Posted on 11/30/2004 4:57:24 AM PST by scooter2

KENT - "Philip has been a kid who tinkers with things ever since he was little," a grieving Claudia Quinn told KOMO 4 News Monday night after her son's bizarre and tragic death.

Sunday, 24-year-old Philip Quinn was tinkering with a lava lamp at his home in Kent. His girlfriend and his parents became worried when they couldn't find him and couldn't get him to answer his phone.

Claudia and Bill Quinn drove from their home in Auburn to check on their youngest son. They thought maybe he'd just overslept. They were devastated by what they found.

"I looked around the corner and saw his body slumped there in the corner and just couldn't believe what I saw," said Quinn's father.

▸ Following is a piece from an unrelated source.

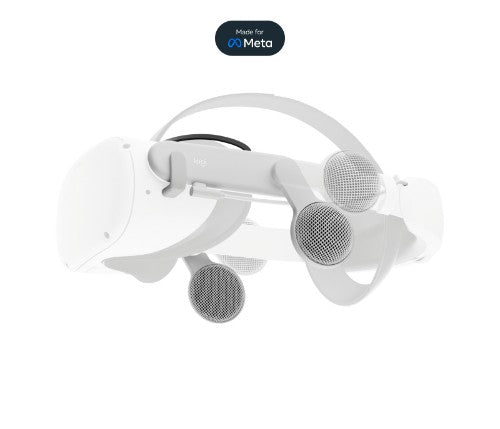 Logitech 982-000154 headphones/headset Wired Head-band Virtual reality (VR) USB Type-C White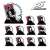 Persona 5 Trading Acrylic Stand (Co-op Ver.B) (Set of 11) (Anime Toy) Item picture1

"There was glass from the kitchen clear to the living room," his mom told us. "They said it appeared that a piece of glass punctured his heart."

Philip, in a fatal act of experimentation, had placed a lava lamp on the kitchen stove. When used properly and heated only by a small lightbulb, 40 watts in most cases, a lava lamp is essentially harmless: a mix of wax or oil and water sealed in a glass bottle with a small air space at the top of the bottle to allow for the liquid to expand under heat.

"It wasn't bubbling fast enough for him," his mom guesses. "Because when we walked in the stove was on at the lowest setting."

Even at the lowest setting the amount of heat was too much. As Philip watched the lava lamp on his stove the pressure began to build too much and too fast until it essentially exploded like a grenade, showering him with glass and sending a large shard deep into his chest.

He was found just a few feet away from the stove. He bled to death and never had a chance to call for help. The King County Medical Examiner has ruled the death accidental.

Police found no evidence of drug or alcohol use.

Philip Quinn leaves behind a 15-month old daughter. He was also the youngest of three brothers. Funeral services are planned for this Saturday.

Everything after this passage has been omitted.